I’m still learning the ins and outs of being a photographer. Suffice it to say, it’s not something you suddenly become just because you own the equipment. There is so much I don’t know how to do yet, so much I don’t know how to plan for, that I sometimes don’t like to even consider myself as such because I don’t feel I necessarily deserve to be called one, a photographer, that is.
Titles bear so much weight, so much responsibility, and sometimes we, well, I, provide myself with so much pressure that I lose sight of what’s most important to that title I hope to live up to someday. What’s important about BEING a photographer? For me, it’s simple (and some may tease, corny) – freeze moments in time and keep it hostage so we can look back and remember what happened 33 years ago when mom and dad got married, or 15 years ago when my little sister graduated from kindergarten; or four years ago when our flight to Lugano, Switzerland was cancelled and we were forced to go on a 3-hour train ride in a country we’d never been.
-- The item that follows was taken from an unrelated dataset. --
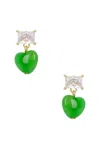 Completedworks Heart Bead & Cz Earrings In Gold Plated & Green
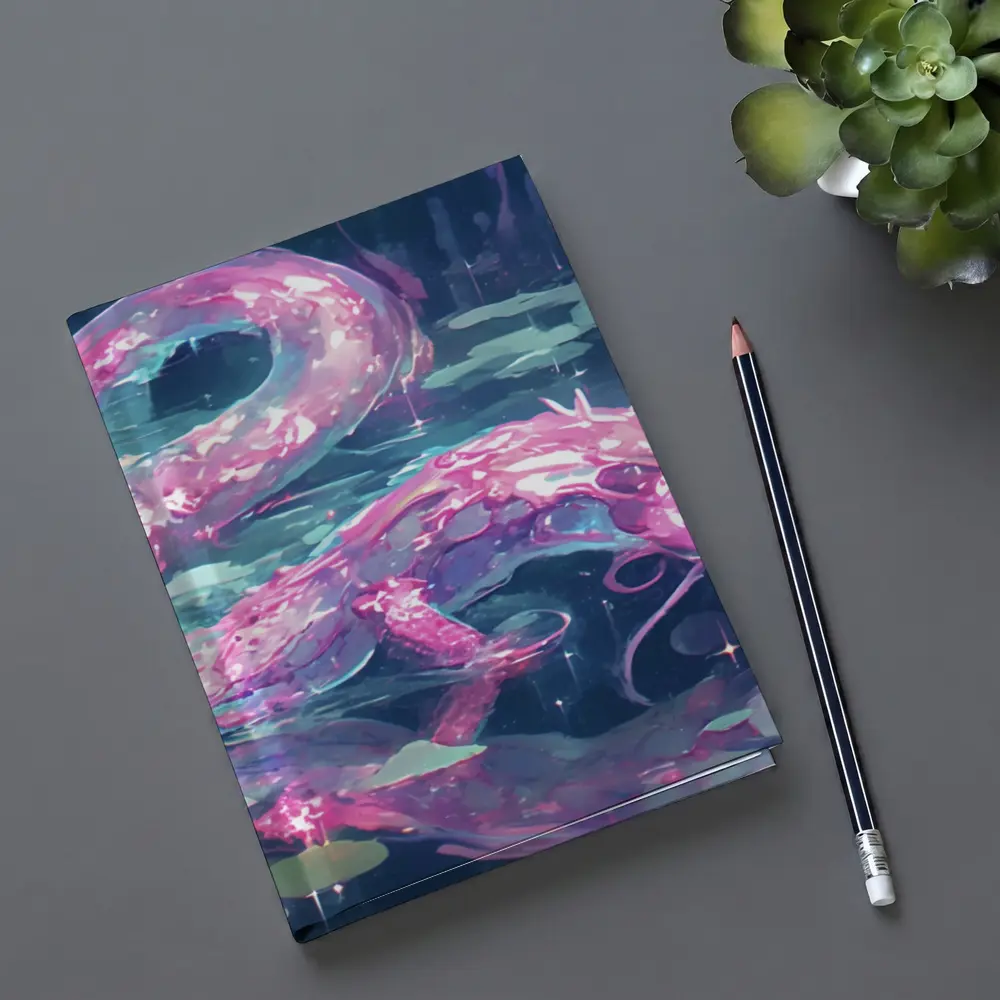 Pink Axolotl Glowing Lotus Pond Anime Art – Notebooks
Photographers freeze moments every time they press that button on their cameras and the shutters close and open. Some moments we help to create, you know, the locations, the poses, etc, but there are those priceless moments that we can only hope for – the unplanned, stolen moments that aren’t meant for public showcasing. My photographer friends call those “money shots” for all the poignant value they’re worth.
Remember Chris and Iya? I took pictures of them right before their baby twins were born. Well, they’re full-fledged parents now, of two of the most adorable pair of daughters (and I’m not only saying that because I get to be proud godmother to one and gushing aunt to the other). Charlotte Grace and Alexis Nicole were born this past spring and this time, they got to be in pictures with Mama and Papa…well, they were in it, technically, last time, but you know what I mean.
Charlie and Alex are happy babies, and it’s not hard to make them smile or laugh because it’s just in their nature =) Funny enough, however, when it came time for them to share the spotlight with their parents in front of the camera, they sort of got shy, and Chris and Iya did everything to make them smile.
You’d think after a whole afternoon of shooting, one shot of four faces all looking at the camera and smiling would be money, but this shot, right after a quick lens-change break, was one of my favorites. I hadn’t called their attention to let them know I was ready, and I’m so happy I didn’t. It looks like Chris (holding Alex) and Iya (holding Charlie) were trying to bargain with their children, “Come on, smile. You’ll get an hour of the Sprout channel later if you do!” Haha! But really it was just them, enjoying some family time with the girls.
There are a lot of images that photographers can manufacture, during and after a photo’s been taken. But the ones that linger the longest in my mind, are the images I barely had a hand in creating.